■ Work to complete ■
Each record below should be returned exactly, with its pictures left out.

■ Dataset content ■

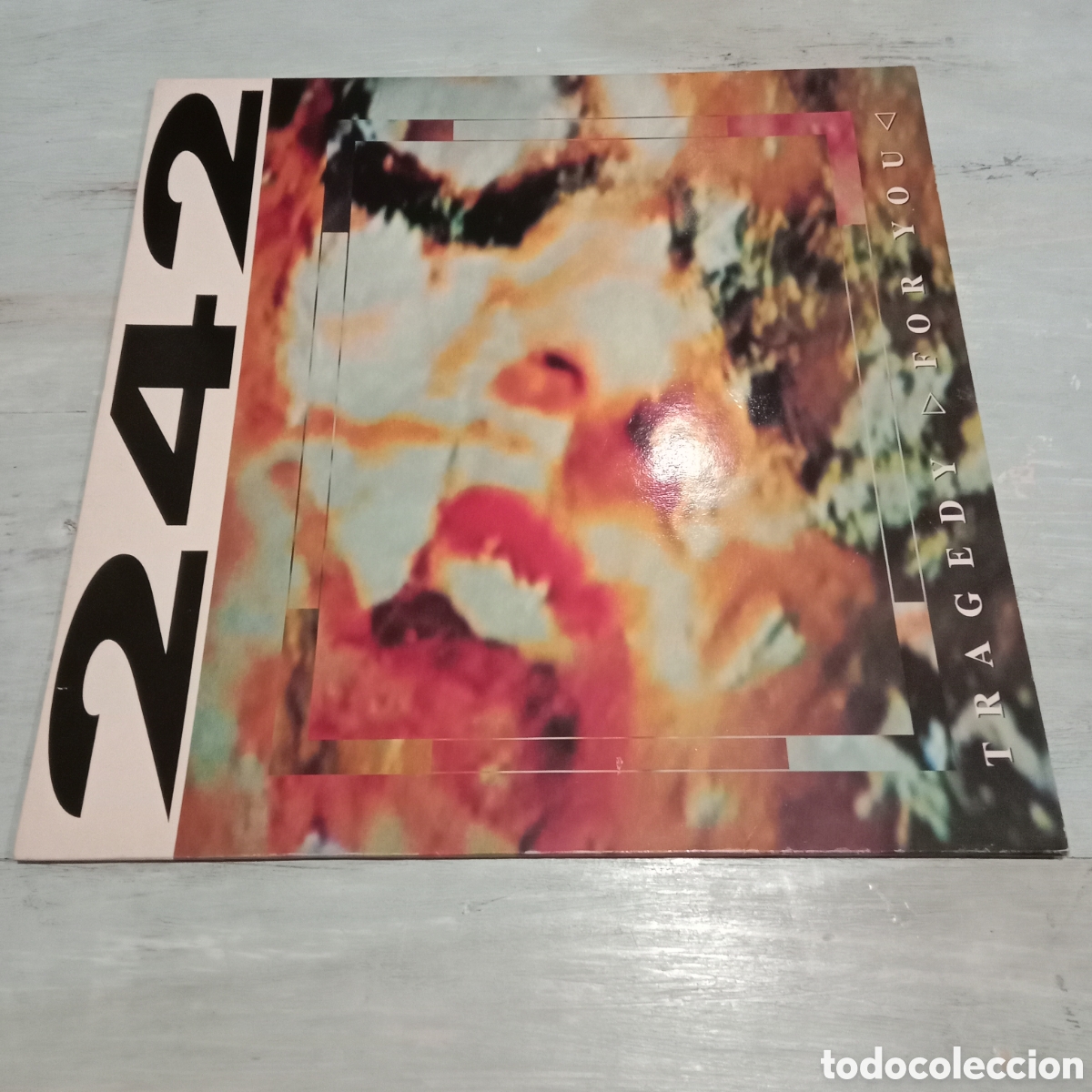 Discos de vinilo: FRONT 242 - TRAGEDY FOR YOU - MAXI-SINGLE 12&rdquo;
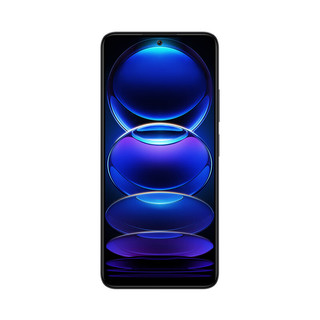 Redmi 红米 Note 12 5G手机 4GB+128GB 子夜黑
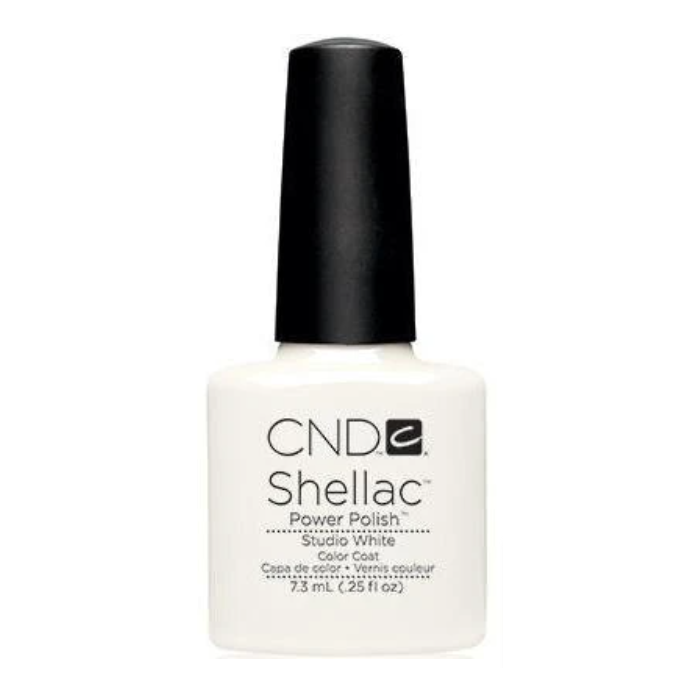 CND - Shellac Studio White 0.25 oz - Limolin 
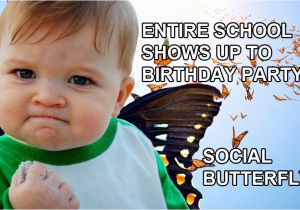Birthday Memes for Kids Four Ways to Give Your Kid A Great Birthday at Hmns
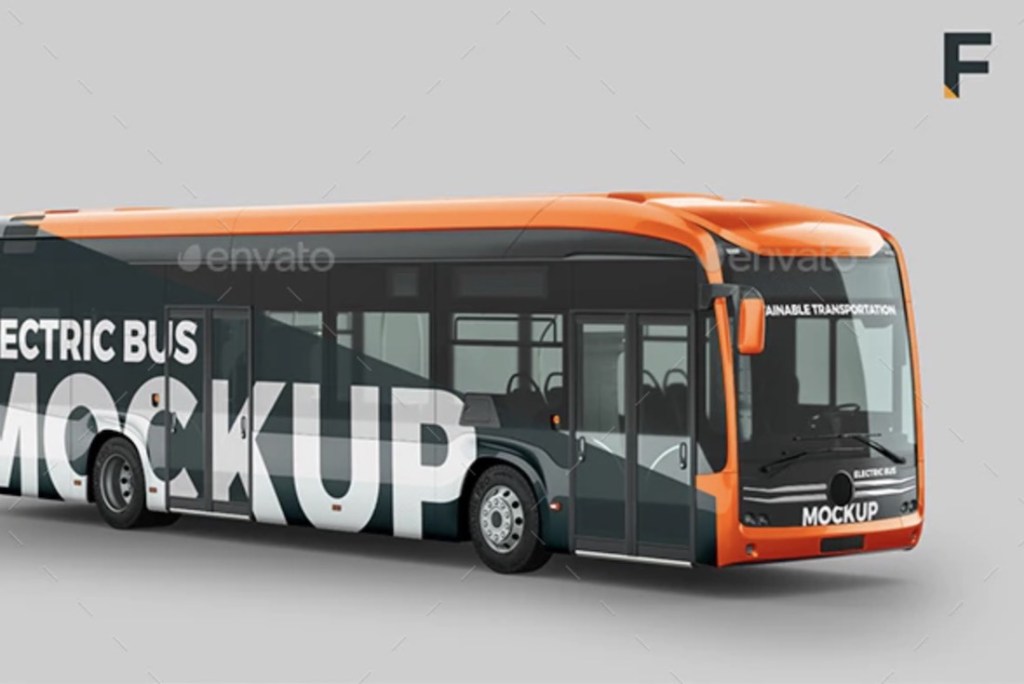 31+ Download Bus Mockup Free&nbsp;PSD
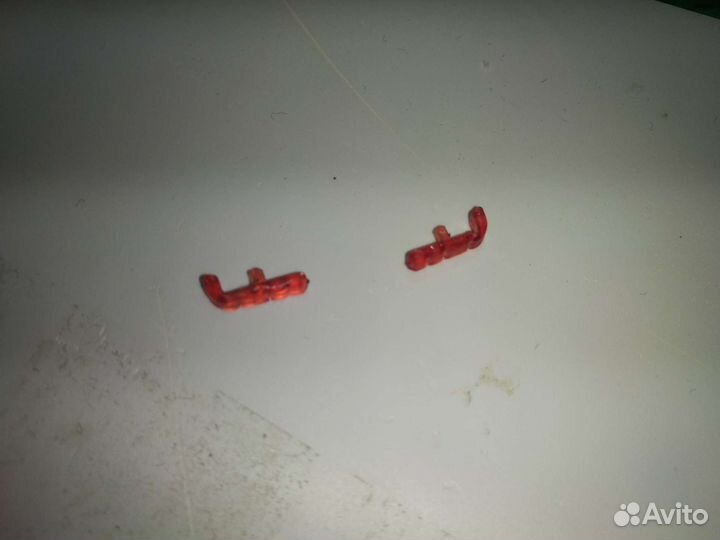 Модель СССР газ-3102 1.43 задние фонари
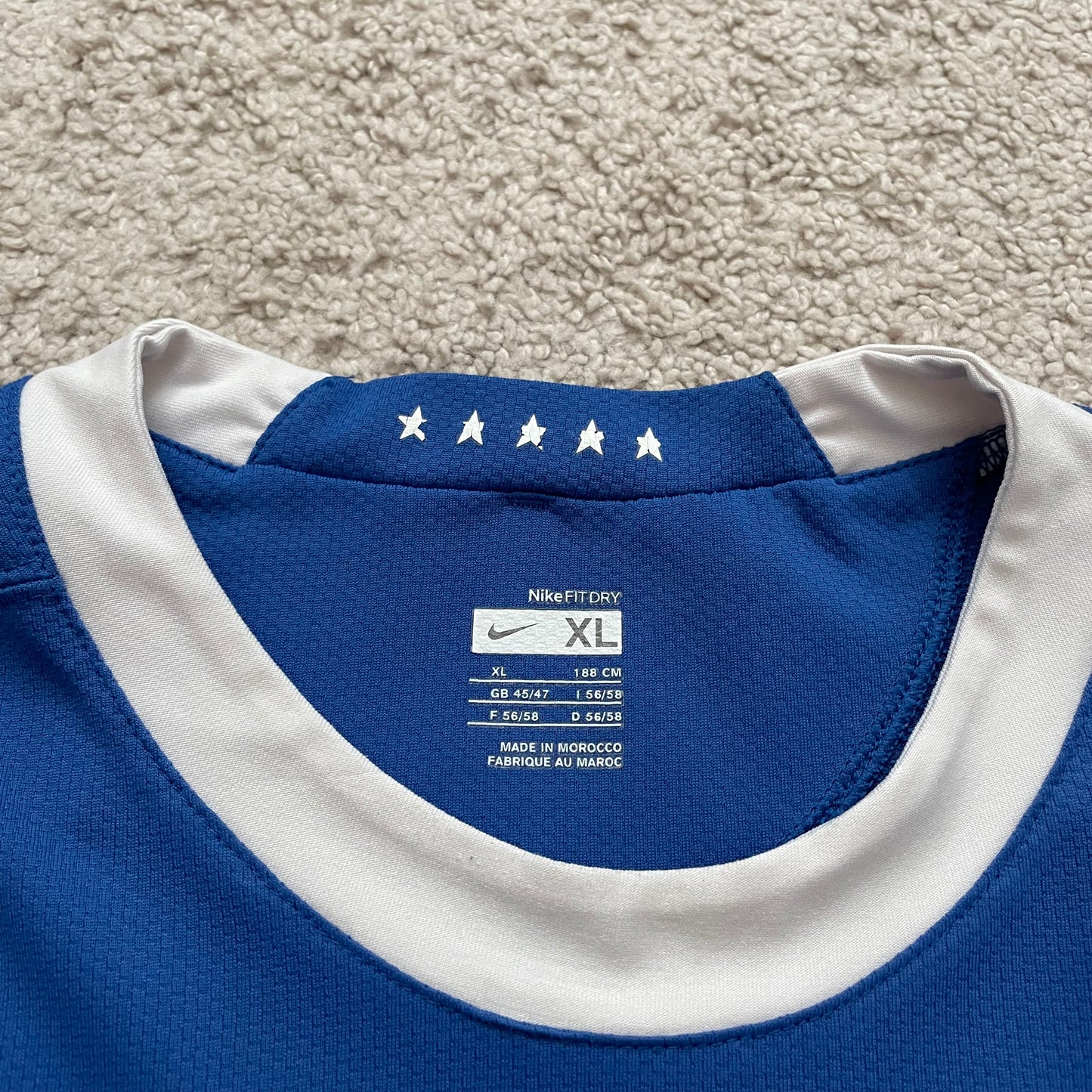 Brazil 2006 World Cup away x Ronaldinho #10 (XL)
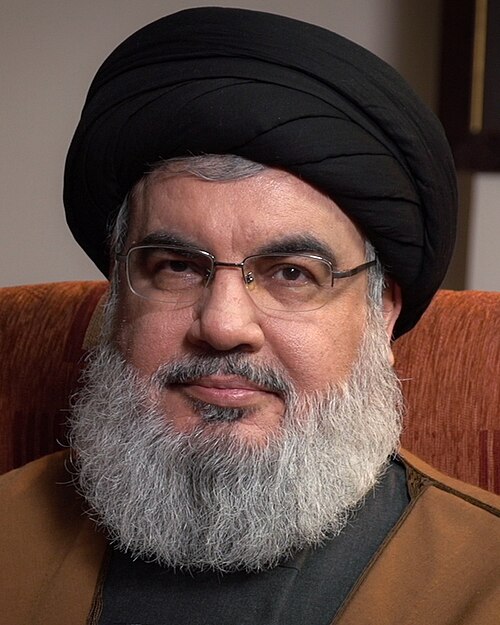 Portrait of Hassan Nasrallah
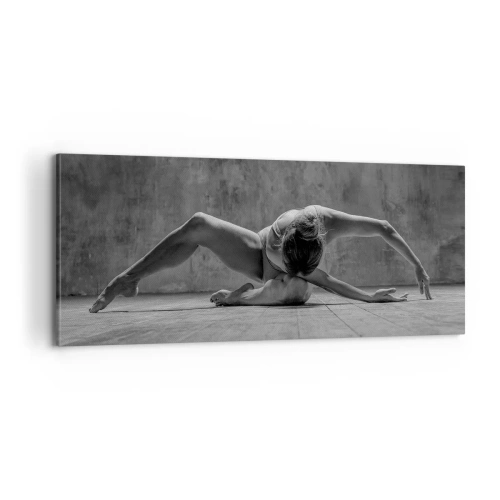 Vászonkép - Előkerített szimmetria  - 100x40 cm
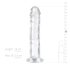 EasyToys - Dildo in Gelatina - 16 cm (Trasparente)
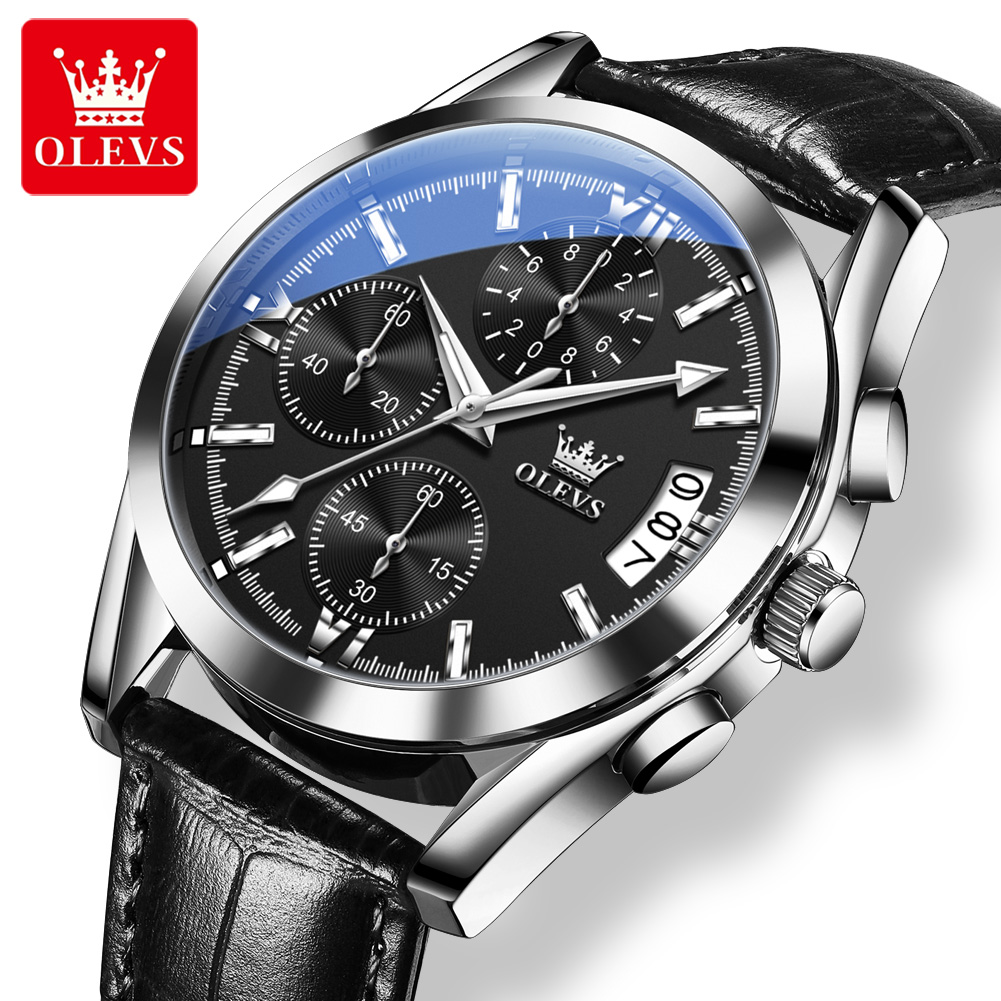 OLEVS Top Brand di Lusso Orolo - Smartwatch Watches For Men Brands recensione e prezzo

■ Output ■
 Discos de vinilo: FRONT 242 - TRAGEDY FOR YOU - MAXI-SINGLE 12&rdquo;
 Redmi 红米 Note 12 5G手机 4GB+128GB 子夜黑
 CND - Shellac Studio White 0.25 oz - Limolin 
Birthday Memes for Kids Four Ways to Give Your Kid A Great Birthday at Hmns
 31+ Download Bus Mockup Free&nbsp;PSD
 Модель СССР газ-3102 1.43 задние фонари
 Brazil 2006 World Cup away x Ronaldinho #10 (XL)
 Portrait of Hassan Nasrallah
 Vászonkép - Előkerített szimmetria  - 100x40 cm
 EasyToys - Dildo in Gelatina - 16 cm (Trasparente)
 OLEVS Top Brand di Lusso Orolo - Smartwatch Watches For Men Brands recensione e prezzo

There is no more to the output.